Sánchez ha logrado interiorizar entre los supervivientes del PSOE un pánico contenido a su figura, a sus reacciones, a sus decisiones imprevisibles; en forma de cabezas cortadas sobre la tapia de La Moncloa, a modo de escarnio, sobre todo después de la crisis de julio del 21, cuando segó sus lazos con todos aquéllos ilusos que podían creerse con ciertos derechos adquiridos: Ábalos, Calvo, Redondo y los otros.

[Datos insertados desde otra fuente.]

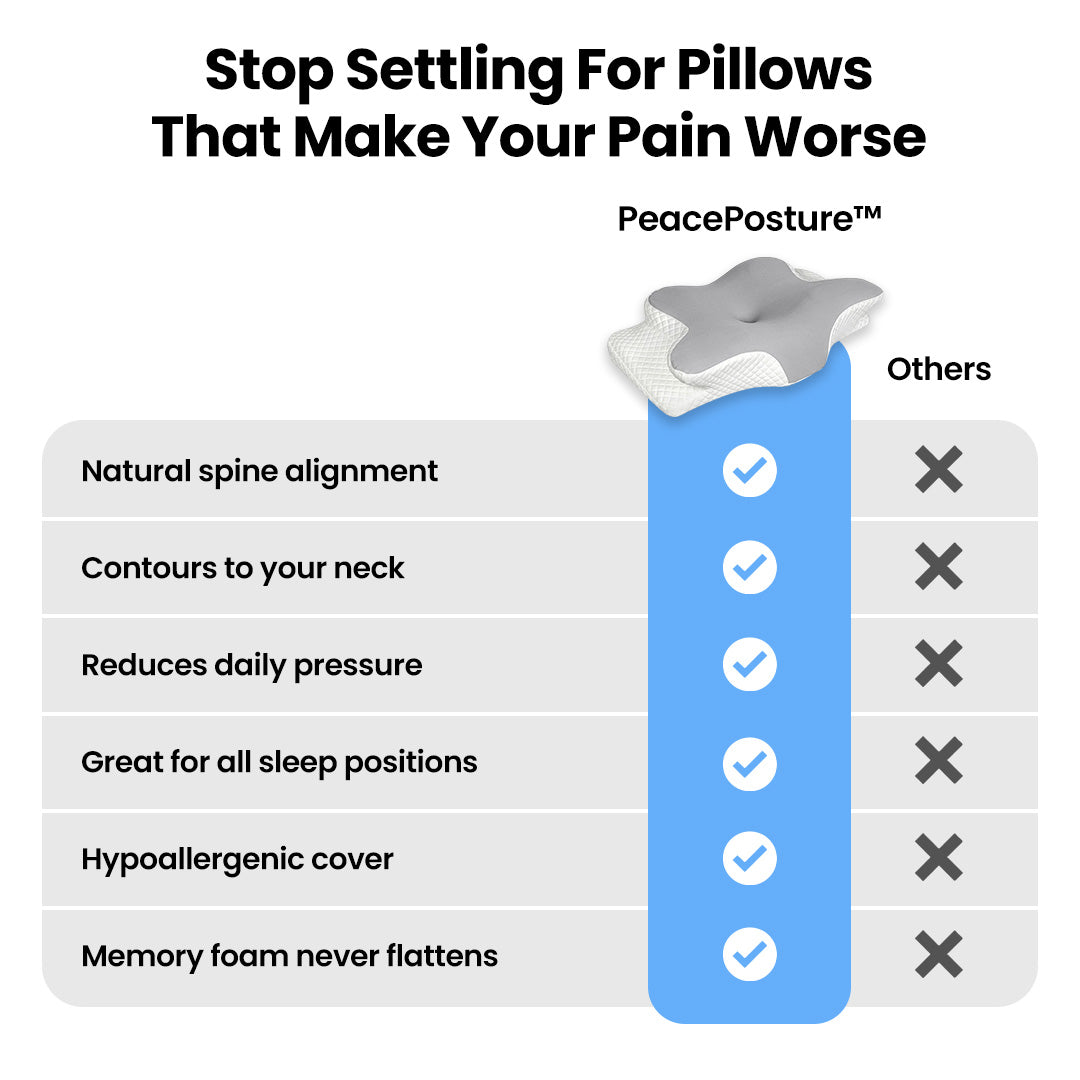 PeacePosture™ Premium Cervical Pillow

Aznar despertaba respeto y temor reverencial, sí, pero se sabía con exactitud lo que quería y lo que le gustaba, y por tanto cómo debía procederse. Lo de Sánchez es distinto; nunca está claro del todo la línea a seguir, por dónde tirar, y además no se trata de mantener la coherencia de una política, sino de evitarle desaires al líder. El bruxismo conlleva dentelladas atroces. Todos los ministros socialistas están políticamente castrados; los veteranos por supuesto (Marlaska, Robles, Ribera), pero también quienes tocaron el cielo hace unos meses sin más mérito que el capricho presidencial, hasta el punto de que el español medio todavía no se ha aprendido ni sus nombres («está aislado de verdad, no sale de los jardines de La Moncloa, nadie le influye de manera constante, coge alguna idea suelta, ocurrencias, de Barroso o de otros, vale, pero ahí todos obedecen sin más, incluyendo a Bolaños, y a lo único que atiende es a los datos que le va mandando Tezanos»). En definitiva, los cargos del partido saben que pueden ser relevados en cualquier momento, sin explicaciones, y ser sustituidos hasta por el mismo caballo de Calígula.

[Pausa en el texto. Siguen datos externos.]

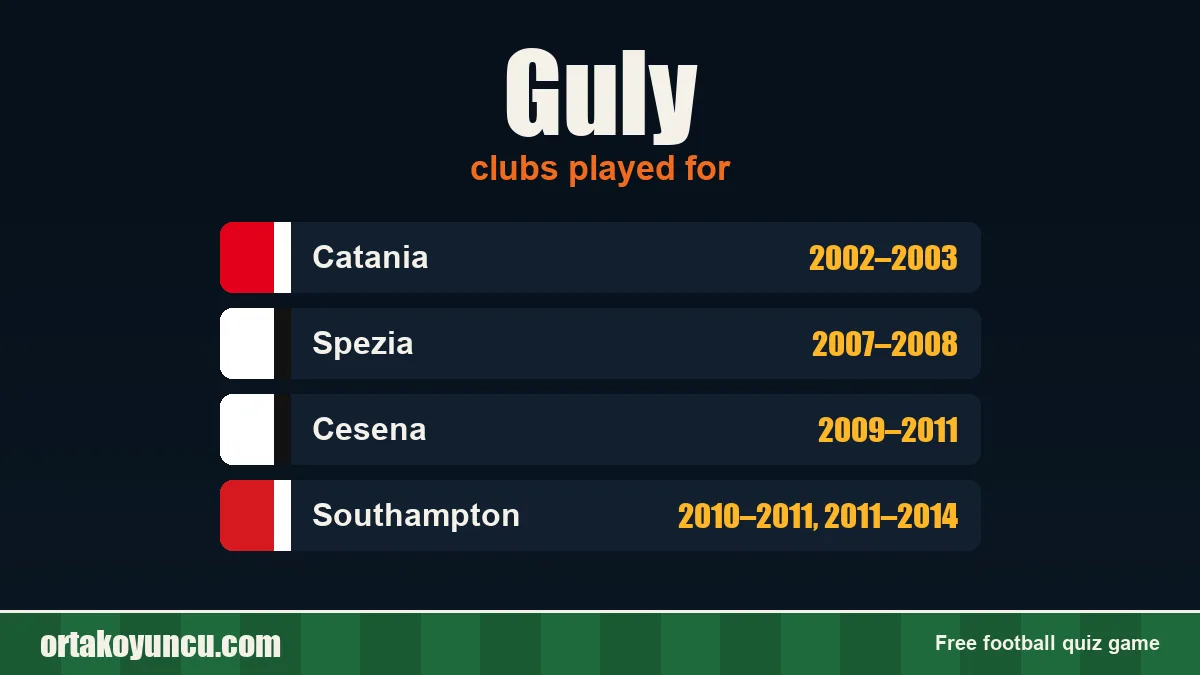 Guly: clubs and years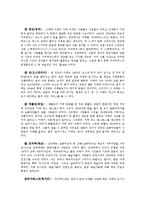 카페문화의 변천사와 사회에 미친 영향 고찰-4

El pasado domingo las urnas confirmaron el cambio de ciclo. Ya no cabe la vuelta atrás, porque la coyuntura económica contribuirá al bandazo, aunque Feijóo se equivocará si traslada el resultado andaluz tal cual a las generales. No habrá mayoría absoluta del PP según los parámetros actuales, pero sí una victoria holgada, quizás incluso por encima de los 150 escaños; Vox puede perder fuelle pero seguirá siendo imprescindible. Antes tocará pasar por las primarias de mayo del 23, donde se verá el suelo del Partido Socialista, hasta dónde llega el tsunami, y si es capaz de mantener algo de su poder en comunidades y ayuntamientos.

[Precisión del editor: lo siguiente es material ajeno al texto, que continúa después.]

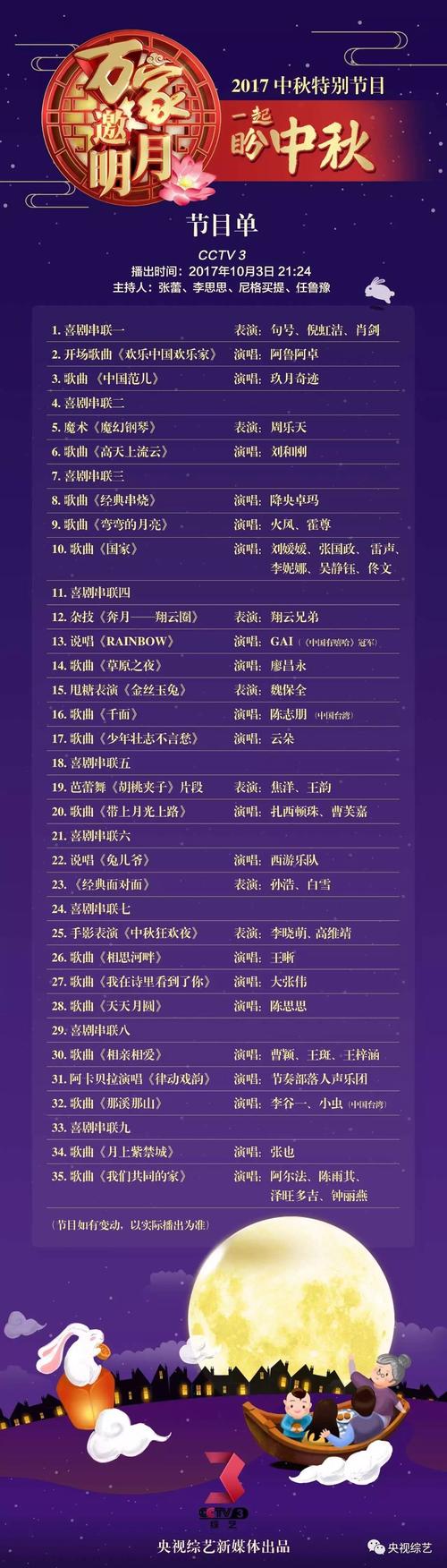 新闻30分片头 - CCTV1新闻30分片头-第4张图片-华田资讯 新闻30分片头 - CCTV1新闻30分片头-第4张图片-华田资讯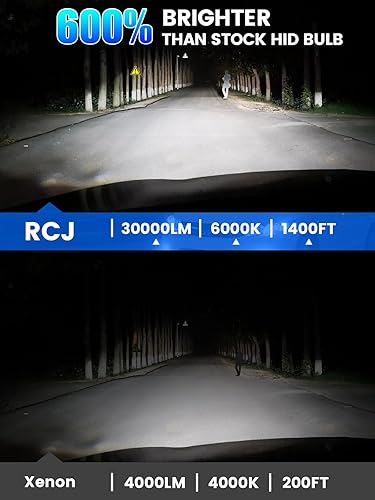 Miniatura 9 de RCJ Bombillas LED H11, luces H8 H9 H16, 60 W, 16000 lm, luz antiniebla, 6000 K, blanco frío, reemplazo halógeno con ventilador de refrigeración,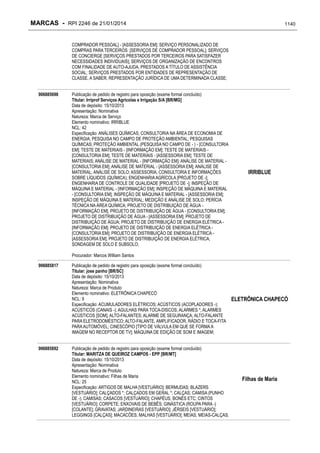 RPI - Marcas 2246 "Vervs Consultoria" 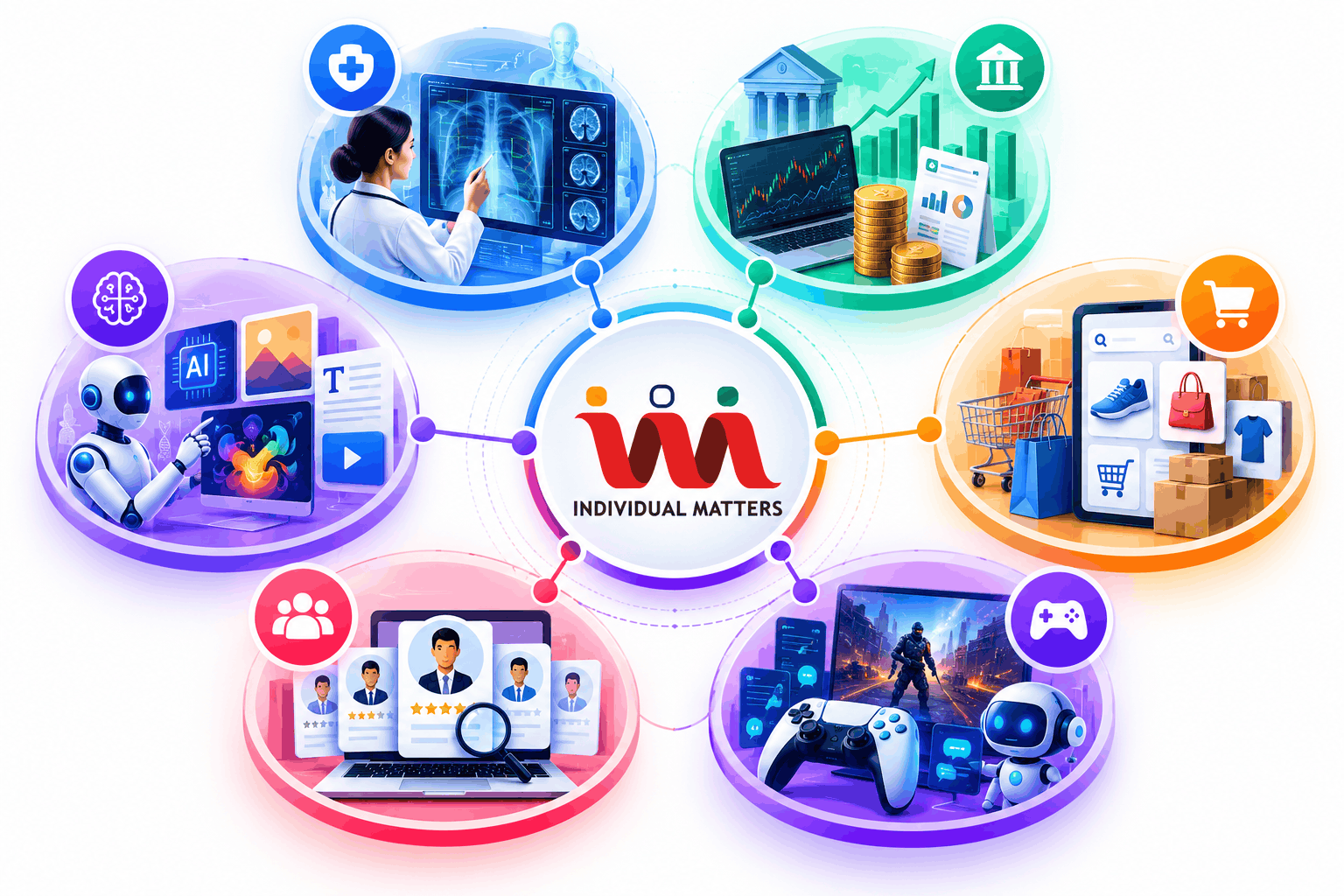 Individual Matters Industry Innovation Hub (1)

El 19-J ha servido para confirmar que el sanchismo ha entrado en su agonía, larga pero inevitable. Y además ha acreditado cierta inflexión hacia el bipartidismo, supuestamente fenecido, y la reafirmación del centro político, tradicional base de las mayorías parlamentarias. El PSOE, alentando el miedo a Vox, y los de Abascal, cultivando su oposición radical a los populares, han empujado a sus electorados hacia el centro, proporcionando una victoria histórica al PP andaluz. Los españoles, tras tantas incertidumbres generadas a partir de la irrupción de la nueva política, parecen apuntar a que ya no quieren más aventuras. Vox sale de Andalucía en situación de desconcierto y le obliga a una importante reflexión; la izquierda del PSOE ha hecho el ridículo y acredita que tras la fuga de Pablo Iglesias carece de líder, y lo de Yolanda Díaz va a morir antes de nacer; el partido sanchista se está hundiendo y veremos si el PSOE es capaz de volver a ser algo.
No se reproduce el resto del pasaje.